Computational adaptive optics for high-throughput volumetric optical coherence microscopy

Image formation based on computation and aberrated optical design provides a promising approach for volumetric imaging studies of biological dynamics at cellular and sub-cellular resolution.
20 June 2016, SPIE Newsroom. DOI: 10.1117/2.1201605.006438

High-throughput optical imaging is playing an increasingly important role in biological imaging. The technique enables biological dynamics to be studied at a variety of different spatiotemporal scales.1–3 One area that is poised to benefit from this capability is the study of collective or emergent behavior in embryonic development, tissue regeneration, and cancer.4, 5 Existing modalities for high-speed volumetric imaging at cellular or sub-cellular resolution are typically based on the detection of fluorescence signals. Consequently, they are subject to photobleaching and phototoxicity constraints and, as a result of this, have limited scope in settings that preclude the use of exogenous contrast agents (e.g., many clinical settings).

Purchase SPIE Field Guide to MicroscopyHigh-speed methods such as optical coherence tomography (OCT) could help to provide label-free imaging of biological dynamics, thereby filling this gap in biological imaging. Recent advances in ultrahigh-speed OCT have enabled the acquisition of volumetric datasets at video rates (i.e., one volume in 25ms).6 However, combining this high-throughput acquisition with cellular-resolution optical coherence microscopy (OCM) presents significant challenges. The main factor limiting the volumetric acquisition rate of OCM is the rapid degradation of resolution and signal strength at increased distance from the point of optical focus. There are a number of hardware approaches to volumetric cellular-resolution OCM. These include the acquisition of multiple OCM datasets, each with a different focus depth, and subsequent synthesis of a single ‘in-focus’ volume.7–9 The illumination and collection beam can also be engineered to provide an extended focal region.10 Of these approaches, focus-scanning methods offer the highest image quality. However, the total volumetric acquisition times can be on the order of 10min,8 or require the acquisition of more than 10 volumetric datasets before a single in-focus volume can be obtained.9 This approach is therefore impractical for imaging biological-system dynamics on timescales of minutes or less. The use of Bessel beam illumination, on the other hand, can provide cellular-resolution OCM simultaneously over a given depth range.10 However, this approach is yet to demonstrate cellular-resolution OCM over a depth range spanning more than a few hundred micrometers.
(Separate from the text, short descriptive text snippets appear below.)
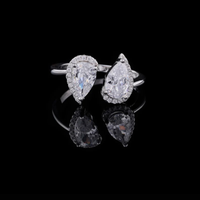 Toi Et Moi Pear Cut Halo Lab Grown Diamond Open Gap Ring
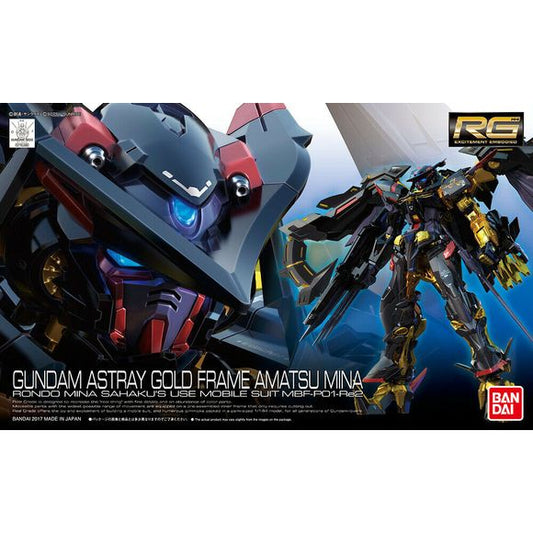 The distinctive Gundam Astray Gold Frame Amatsu Mina from "Gundam Seed Astray" features beautifully reproduced exterior textures, and the "Maga no Ikutachi" on its back can be expanded and retracted. It's equipped with the Okitsu no Kagami, the Trikeros Kai, two of the Totsuka no Tsurugi, the Tsumuha no Tachi and two of the Maga no Shirahoko. Assembly Required.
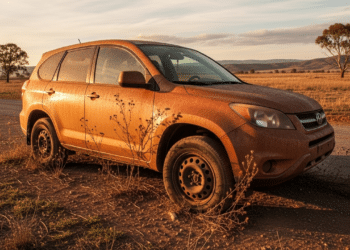 Carro em meio a estrada enferrujado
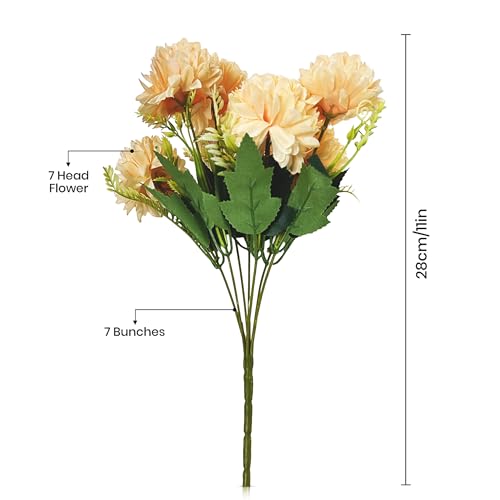 Image of Art Street Artificial Flower Bunch| Silk Peach Hydrangea Flower for Home| Bedroom, Living Room & Office Decoration |Christmas Day, New Year Set of 1 |11 Inch (Without Vase)
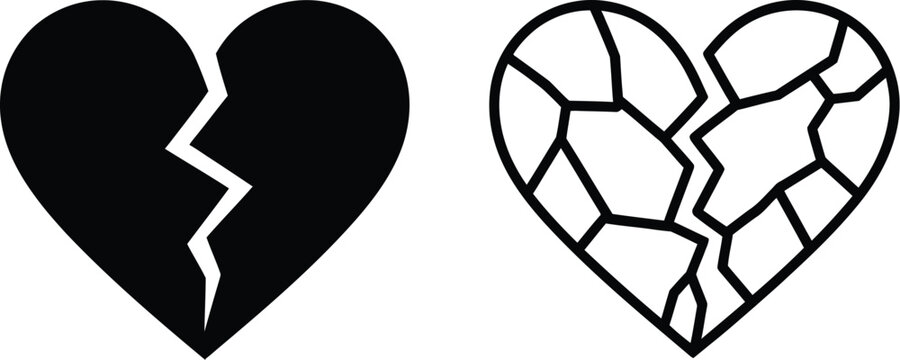 Set of broken heart icons featuring a solid black silhouette with a jagged crack and a shattered line art design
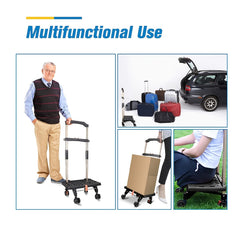 Ultra Slim Cart With Wheels Telescopic Handle Strong Load Capacity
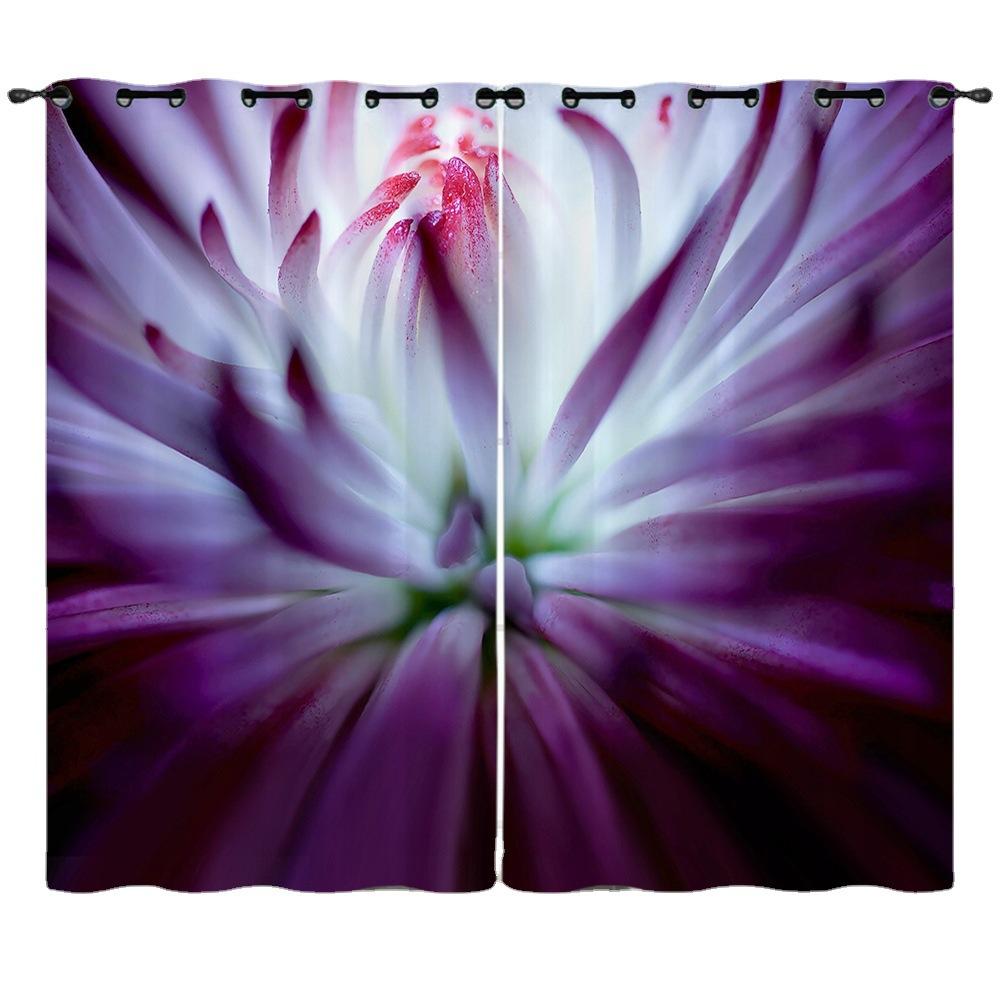 Floare Perdea Floare Lavandă Violetă Imprimare Digitală 3D Perdea Blackout Perforată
Our approach for high-throughput volumetric OCM is designed to provide uniform high resolution and signal-to-noise ratio (SNR) over depth without requiring a time-consuming scan of the focus. We have employed an astigmatic optical system to equalize signal collection versus depth, combined with CAO to compensate the resolution penalty that usually accompanies imaging with astigmatic optics.
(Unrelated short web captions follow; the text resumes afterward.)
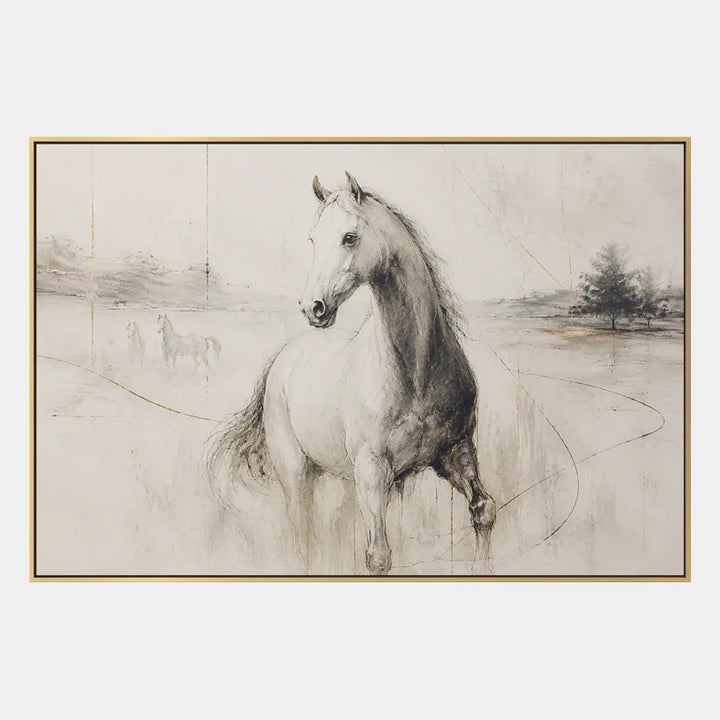 Pintura al óleo de animales minimalistas que presenta un tema animal expresivo representado con pinceladas visibles en una paleta beige.
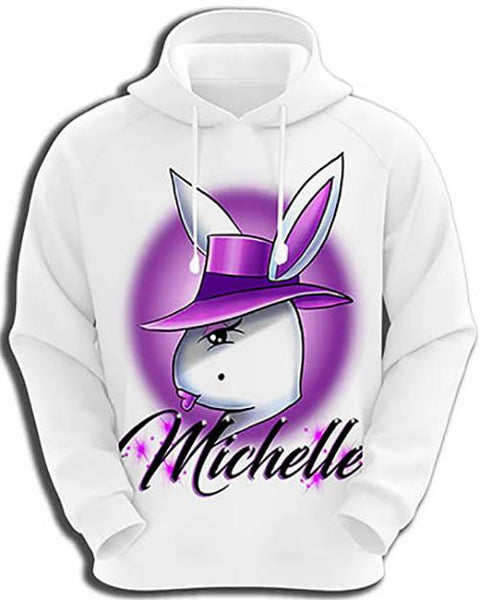 H016 Custom Airbrush Personalized Airbrush Play Girl Bunny Hoodie Sweatshirt Design Yours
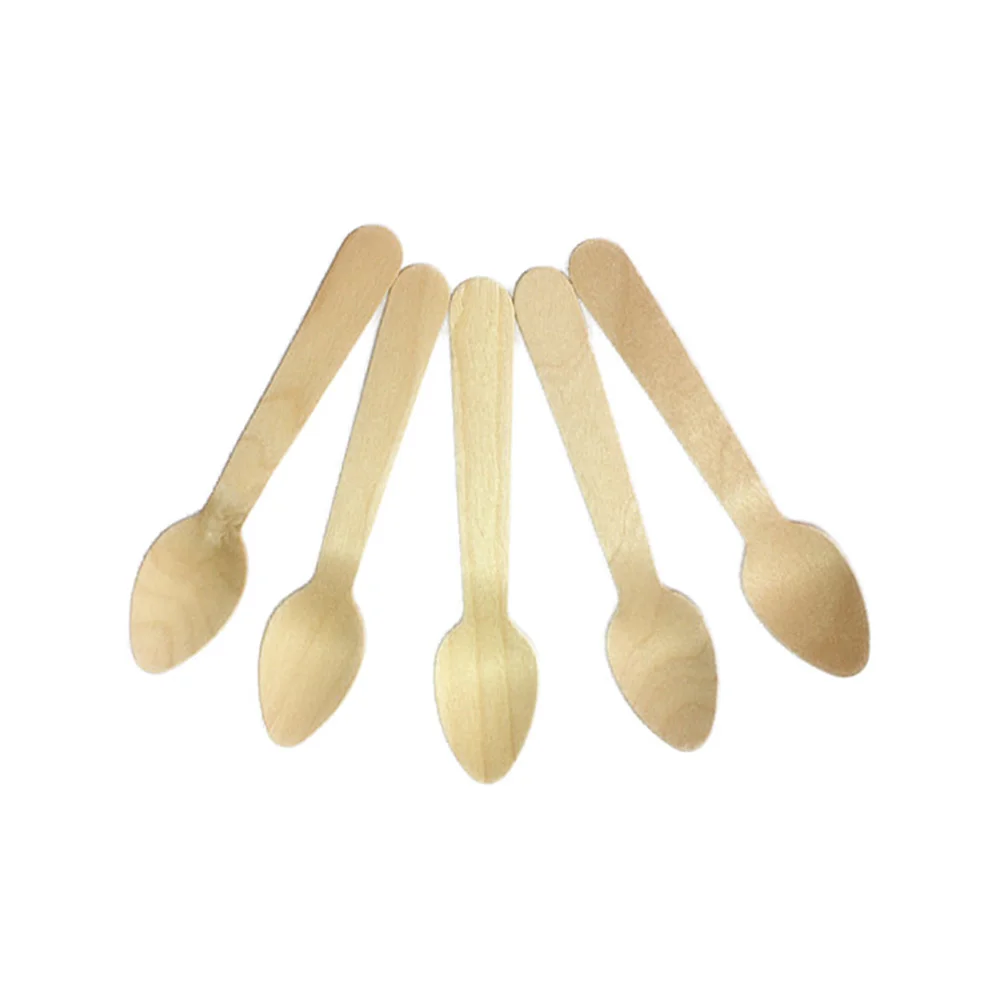 100pcs Disposable Wooden Spoons Dessert Spoon Tableware Party Supplies for Cake Ice Cream wood ice cream spoons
Interferometric detection with OCT allows the complex optical field that is backscattered from within a sample (due to spatial variations in the refractive index) to be measured. An OCT dataset can therefore be treated as a digital hologram.11 As in digital holography,12, 13 this allows optical image formation and optimization to continue after data acquisition.14–16 CAO provides a method by which aberration correction can be carried out via numerical manipulation of the Fourier domain of an OCT dataset.17 This is analogous to the operation of hardware adaptive optics (HAO), in which the phase of the Fourier domain signal is physically manipulated at the time of imaging. As with HAO, CAO can be applied in ‘sensorless mode’ by using image metrics to optimize the correction,17 in ‘guide-star mode’ (in which point-like scatterers in the sample are used to sense the aberrations present),18, 19 and via the implementation of a sub-aperture wavefront-sensing method.20

Figure 1 presents a volumetric CAO-OCM reconstruction of a grape sample. This reconstruction is based on a 3D dataset that we acquired using a spectral-domain OCT system (with ∼2μm axial resolution) and astigmatic sample-arm optics (with aberration-free focal plane resolution of ∼3μm). Our astigmatic optical system provides enhanced photon collection at two axially separated line foci, thereby equalizing SNR versus depth. Compared to the OCM volume, the CAO-OCM reconstruction shows grape cellular structures at significantly higher resolution throughout a volume spanning a depth range of nearly 1mm. The figure also shows real-time CAO-OCM, implemented on a graphics processing unit.21 Our system achieves simultaneous correction of defocus and astigmatism for three en face planes at user-selectable depths within the volume. This highlights an advantage that CAO has compared to HAO, which itself would require a highly complicated multi-conjugate setup to achieve a similar multi-plane correction.22


Figure 1. Volumetric optical coherence microscopy (OCM) and CAO-OCM (computational adaptive optics-OCM) reconstructions of a grape sample, imaged with an astigmatic system. (a) An image of the volume obtained via OCM and (b) the corresponding CAO-OCM reconstruction. Volume renderings show a depth range spanning from 220 to 1130μm below the sample surface. These reconstructions and volume renderings were performed offline. (c–e) Real-time en face OCM planes from three depths (380, 730, and 1030μm, respectively), obtained using a graphics processing unit. (f–h) The corresponding CAO-OCM en face planes, showing simultaneous real-time correction of defocus and astigmatism. Scale bars: 100μm.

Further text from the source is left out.